Students enrolled in a Masters of Social Work program at the university were told that they should attend one of two training sessions: either a “White Accountability Group (WAG)” or a separate meeting for those identifying as “Black, Indigenous, Multiracial People of Color (BIMPoC).”
In a parallel to the racial division, the intended purposes of these two groups also diverged. The “White Accountability Group” was intended for those with “white skin privilege” to “critically engage in whiteness, white privilege, and hold each other accountable.” Participants in the group were expected to “explore how to recognize whiteness and white privilege, identify and interrupt internalized dominance, and collectively develop strategies for liberation and change.”

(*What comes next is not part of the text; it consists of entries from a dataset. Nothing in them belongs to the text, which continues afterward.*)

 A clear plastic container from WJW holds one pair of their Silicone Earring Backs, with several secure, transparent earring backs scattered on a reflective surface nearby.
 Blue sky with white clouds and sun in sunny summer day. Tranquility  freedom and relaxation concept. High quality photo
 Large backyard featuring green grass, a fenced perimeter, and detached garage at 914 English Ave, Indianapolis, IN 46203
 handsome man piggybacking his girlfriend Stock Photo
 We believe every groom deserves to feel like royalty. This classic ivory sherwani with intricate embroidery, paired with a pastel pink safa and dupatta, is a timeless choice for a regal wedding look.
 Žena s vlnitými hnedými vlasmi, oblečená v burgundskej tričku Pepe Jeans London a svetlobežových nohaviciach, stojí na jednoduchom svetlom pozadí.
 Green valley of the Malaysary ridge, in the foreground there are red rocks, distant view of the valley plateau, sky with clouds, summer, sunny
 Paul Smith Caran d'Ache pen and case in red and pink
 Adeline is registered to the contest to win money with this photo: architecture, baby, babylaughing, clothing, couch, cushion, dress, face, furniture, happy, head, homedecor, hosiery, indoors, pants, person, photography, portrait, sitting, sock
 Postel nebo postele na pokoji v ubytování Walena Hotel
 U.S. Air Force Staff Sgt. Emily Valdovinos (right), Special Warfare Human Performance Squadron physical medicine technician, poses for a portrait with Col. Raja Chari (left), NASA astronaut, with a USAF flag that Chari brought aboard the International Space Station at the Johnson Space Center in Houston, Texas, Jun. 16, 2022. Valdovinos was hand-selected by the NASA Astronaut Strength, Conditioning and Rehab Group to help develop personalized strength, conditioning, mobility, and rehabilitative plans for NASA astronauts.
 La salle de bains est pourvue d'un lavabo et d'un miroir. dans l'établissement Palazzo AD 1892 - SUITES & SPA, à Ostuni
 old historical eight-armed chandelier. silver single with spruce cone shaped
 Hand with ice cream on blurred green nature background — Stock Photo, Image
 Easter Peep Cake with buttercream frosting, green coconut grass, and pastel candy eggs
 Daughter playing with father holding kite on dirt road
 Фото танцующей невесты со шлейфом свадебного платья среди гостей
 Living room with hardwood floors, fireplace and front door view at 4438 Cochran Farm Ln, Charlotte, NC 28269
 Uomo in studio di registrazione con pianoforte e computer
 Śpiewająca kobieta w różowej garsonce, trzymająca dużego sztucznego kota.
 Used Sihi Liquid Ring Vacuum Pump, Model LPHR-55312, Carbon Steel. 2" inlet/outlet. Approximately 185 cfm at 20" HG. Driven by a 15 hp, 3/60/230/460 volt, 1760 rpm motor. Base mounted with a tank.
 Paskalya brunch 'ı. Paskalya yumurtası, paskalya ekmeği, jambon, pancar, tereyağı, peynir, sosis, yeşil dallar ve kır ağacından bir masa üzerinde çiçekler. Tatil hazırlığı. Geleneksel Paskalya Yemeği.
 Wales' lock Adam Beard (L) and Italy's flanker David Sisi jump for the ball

By contrast, students enrolling in the “Black, Indigenous, Multiracial People of Color” session were advised that “Affinity groups for black, indigenous, people of color can be magical places in a predominantly white institution.” This group promised to provide “a safe and supportive place” for “naming the problem and defining or reframing the problem.”
According to the email sent to students, the goal of this “anti-racism” training was to promote students’ “understanding about how implicit bias, racism, and white supremacy impact the CSW’s culture and climate.” Apparently at the University of Tennessee, white supremacy and racism can best be thwarted through racial separatism.
“Even if you have to miss class time, we strongly urge you to find a way to make this work,” UT Dean of Equity and Inclusion J. Camille Hall expressed to the students.
According to Young America’s Foundation, which exposed the segregated meetings, that same Dean Hall led an orientation session during which “students were divided into random groups to roleplay a scenario in which a ‘student on campus was a Trump voter and whether it was okay or not to call them racist.’”
“This is just another instance of the pervasive Critical Race Theory craze that has taken academia by storm,” YAF commented in a report. “The goal of segregating their events is to convince people that race is their defining attribute and they are either inherently good or bad as a result.”
For the ironic and absurd use of racial segregation to promote “anti-racism,” UT-Knoxville’s social work orientation should be recognized as one of the most egregious instances of Critical Race Theory put into practice on campus.